PROBLEM DESCRIPTION => Based on the entries below, how many lines contain the word "Colored"? Respond with only the number.
# # # # #
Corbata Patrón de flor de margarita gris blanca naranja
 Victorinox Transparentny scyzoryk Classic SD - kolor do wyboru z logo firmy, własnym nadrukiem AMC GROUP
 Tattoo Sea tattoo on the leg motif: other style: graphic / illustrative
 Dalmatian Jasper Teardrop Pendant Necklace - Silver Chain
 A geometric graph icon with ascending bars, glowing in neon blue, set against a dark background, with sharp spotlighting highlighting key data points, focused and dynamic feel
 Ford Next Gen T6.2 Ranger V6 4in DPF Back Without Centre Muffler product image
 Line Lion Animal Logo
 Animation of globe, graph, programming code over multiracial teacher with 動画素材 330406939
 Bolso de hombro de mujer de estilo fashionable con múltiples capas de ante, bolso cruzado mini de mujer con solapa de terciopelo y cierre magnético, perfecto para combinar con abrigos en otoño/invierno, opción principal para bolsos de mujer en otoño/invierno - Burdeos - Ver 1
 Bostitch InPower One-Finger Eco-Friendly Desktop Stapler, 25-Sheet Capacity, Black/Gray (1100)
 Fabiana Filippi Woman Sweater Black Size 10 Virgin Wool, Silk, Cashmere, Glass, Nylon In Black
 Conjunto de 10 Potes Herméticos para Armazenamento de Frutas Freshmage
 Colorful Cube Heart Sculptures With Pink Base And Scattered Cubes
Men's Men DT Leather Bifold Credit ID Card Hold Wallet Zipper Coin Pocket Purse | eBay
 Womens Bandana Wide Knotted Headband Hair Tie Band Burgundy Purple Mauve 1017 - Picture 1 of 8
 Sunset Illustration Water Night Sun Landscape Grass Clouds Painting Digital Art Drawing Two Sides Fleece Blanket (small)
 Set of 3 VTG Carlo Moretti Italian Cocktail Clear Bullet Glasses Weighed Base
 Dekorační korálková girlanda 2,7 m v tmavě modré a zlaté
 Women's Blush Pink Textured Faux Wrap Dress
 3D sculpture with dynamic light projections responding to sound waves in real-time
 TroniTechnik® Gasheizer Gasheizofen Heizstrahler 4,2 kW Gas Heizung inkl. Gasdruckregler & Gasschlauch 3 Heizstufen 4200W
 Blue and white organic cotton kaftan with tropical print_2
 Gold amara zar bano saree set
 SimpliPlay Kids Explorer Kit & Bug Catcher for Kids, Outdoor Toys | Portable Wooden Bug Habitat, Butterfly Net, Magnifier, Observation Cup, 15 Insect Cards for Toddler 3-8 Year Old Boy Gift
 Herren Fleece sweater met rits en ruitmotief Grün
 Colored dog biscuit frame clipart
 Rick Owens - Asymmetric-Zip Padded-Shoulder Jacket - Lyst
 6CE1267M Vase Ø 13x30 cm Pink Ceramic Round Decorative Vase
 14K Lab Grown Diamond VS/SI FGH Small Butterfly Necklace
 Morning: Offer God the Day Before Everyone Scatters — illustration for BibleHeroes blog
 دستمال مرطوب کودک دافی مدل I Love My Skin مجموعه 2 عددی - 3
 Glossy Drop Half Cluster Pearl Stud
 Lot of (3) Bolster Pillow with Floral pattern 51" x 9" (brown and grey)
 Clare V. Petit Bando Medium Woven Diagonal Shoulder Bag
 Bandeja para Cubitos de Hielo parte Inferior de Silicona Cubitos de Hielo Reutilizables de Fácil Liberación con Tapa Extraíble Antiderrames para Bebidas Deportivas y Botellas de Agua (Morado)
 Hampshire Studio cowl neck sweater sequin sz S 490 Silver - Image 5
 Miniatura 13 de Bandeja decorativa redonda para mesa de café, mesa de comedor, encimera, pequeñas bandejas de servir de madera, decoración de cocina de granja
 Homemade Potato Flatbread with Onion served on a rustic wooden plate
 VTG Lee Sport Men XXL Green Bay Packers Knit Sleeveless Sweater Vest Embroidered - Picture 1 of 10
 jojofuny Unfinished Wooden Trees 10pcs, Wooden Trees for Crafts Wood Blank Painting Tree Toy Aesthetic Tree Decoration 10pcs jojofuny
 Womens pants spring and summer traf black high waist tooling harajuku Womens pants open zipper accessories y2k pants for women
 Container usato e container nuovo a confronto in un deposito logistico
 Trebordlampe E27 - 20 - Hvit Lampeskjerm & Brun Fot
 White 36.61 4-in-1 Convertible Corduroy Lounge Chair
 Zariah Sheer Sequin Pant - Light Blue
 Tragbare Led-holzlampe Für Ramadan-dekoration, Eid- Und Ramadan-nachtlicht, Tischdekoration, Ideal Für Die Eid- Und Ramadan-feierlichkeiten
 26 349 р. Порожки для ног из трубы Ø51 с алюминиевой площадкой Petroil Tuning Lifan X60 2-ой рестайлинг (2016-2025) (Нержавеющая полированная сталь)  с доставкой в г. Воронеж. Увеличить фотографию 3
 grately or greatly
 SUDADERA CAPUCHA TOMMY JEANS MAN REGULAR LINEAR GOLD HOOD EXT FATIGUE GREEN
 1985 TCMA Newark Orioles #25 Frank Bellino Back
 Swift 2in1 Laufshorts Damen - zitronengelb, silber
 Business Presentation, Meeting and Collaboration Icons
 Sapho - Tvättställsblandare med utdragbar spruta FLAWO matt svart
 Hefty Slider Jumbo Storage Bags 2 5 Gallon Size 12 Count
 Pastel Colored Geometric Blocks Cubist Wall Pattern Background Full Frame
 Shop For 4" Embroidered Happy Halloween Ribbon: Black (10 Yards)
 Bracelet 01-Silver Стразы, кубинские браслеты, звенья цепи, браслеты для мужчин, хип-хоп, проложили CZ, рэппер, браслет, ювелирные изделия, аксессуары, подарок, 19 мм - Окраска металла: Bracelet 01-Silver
# # # # #
YOUR RESPONSE => 2